For the US to work with its allies and bring all the major actors in Yemen to a durable cease-fire followed by peace talks, the US should continue to build on its diplomatic engagement with Ansurallah and explore possible avenues for creating a greater wedge between the Houthis and Tehran that can bring the Yemeni minority group back to the Arabian fold, away from the Iranians.
For all of the Houthis’ crimes against unarmed civilians, violations of international law, and other actions by Ansurallah, which have created legitimate grievances among many non-Houthi Yemenis, the militia’s members and supporters must be accepted as a political movement that should share power in a post-conflict government that comes to power through a democratic process.

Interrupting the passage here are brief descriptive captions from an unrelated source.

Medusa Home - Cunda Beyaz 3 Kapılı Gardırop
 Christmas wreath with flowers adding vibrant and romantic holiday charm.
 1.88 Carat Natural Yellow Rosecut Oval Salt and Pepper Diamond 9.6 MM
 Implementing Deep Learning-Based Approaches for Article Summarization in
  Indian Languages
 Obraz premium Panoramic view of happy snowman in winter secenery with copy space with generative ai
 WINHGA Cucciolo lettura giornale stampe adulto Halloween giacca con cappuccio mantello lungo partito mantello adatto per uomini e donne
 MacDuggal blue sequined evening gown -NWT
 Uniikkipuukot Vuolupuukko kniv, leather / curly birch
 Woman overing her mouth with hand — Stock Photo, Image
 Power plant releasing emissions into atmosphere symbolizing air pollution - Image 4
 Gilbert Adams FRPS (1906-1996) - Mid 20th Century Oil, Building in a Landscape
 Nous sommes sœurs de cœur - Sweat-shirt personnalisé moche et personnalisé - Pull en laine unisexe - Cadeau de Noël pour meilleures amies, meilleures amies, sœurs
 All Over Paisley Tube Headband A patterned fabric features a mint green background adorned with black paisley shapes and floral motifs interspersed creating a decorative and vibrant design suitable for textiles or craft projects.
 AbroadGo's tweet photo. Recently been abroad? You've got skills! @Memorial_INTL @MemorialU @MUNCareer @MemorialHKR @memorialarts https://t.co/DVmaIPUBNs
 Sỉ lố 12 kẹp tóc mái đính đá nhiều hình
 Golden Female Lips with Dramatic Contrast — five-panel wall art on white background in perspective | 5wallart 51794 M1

This is essential for resolving the Yemeni conflict. A positive sign came in September when Hadi’s foreign minister expressed his government’s willingness to recognize Ansurallah as such. Yet despite being Yemen’s internationally-recognised government, the administration of Hadi has relatively little influence on the ground in the country and takes orders from Riyadh and Abu Dhabi, which have for a long time refused to accept the Houthis as an integral part of Yemen that deserves representation in the country.
In the final analysis, while the Trump administration sees Yemen as an important battleground in the fight against Iran’s ascendancy, the US designating the main Houthi militia a terror group would likely only push Ansurallah closer to the Islamic Republic’s orbit of influence. To be sure, Iranian clout in Yemen is a reality as Tehran maintains undeniable links with the Houthis and exercises influence over Ansurallah.
But that influence is frequently exaggerated by government officials and analysts alike who mistakenly find Ansurallah’s ties with Tehran to be essentially the same as those between Lebanese Hezbollah and Iran’s regime. Ansurallah is the militia fighting on behalf of the most impoverished community in the Arab world’s most impoverished country.
The group would likely accept arms from any actor willing to provide them such weaponry, and just because Iran has chosen to do so does not alone demonstrate that Ansurallah functions as an Iranian “proxy”. Instead, the militia is much more of a tactical partner of Tehran that operates with more autonomy from Iran’s government than many pundits accept. Yet in the final analysis, if the US administration pushes for isolating the Houthis until they fully sever all ties with Iran and accept other demands from Washington, Riyadh, and Abu Dhabi, it would only be logical to expect Ansurallah to move even closer to Tehran.
Throughout the Arabian Peninsula and Levant this trend is common whereby the US and/or its Arabian Gulf allies act against certain states (Syria in 2011, Qatar in 2017, and Iraq after 2003) or indigenous groups (Bahrain and Saudi Arabia’s Shia communities) to later see such confrontational approaches pushing these Arab state/non-state actors closer to Iran. Doubtless, this dynamic is also in play in Yemen. Hopes for bringing the Houthis back to the Arabian fold and away from Iran would become even more unimaginable in the near- to medium-term if Washington were to take such measures against Ansurallah. Unquestionably, Tehran officials would welcome such a designation from the US government, realizing that the move would advance Iran’s interests far more than those of the United States.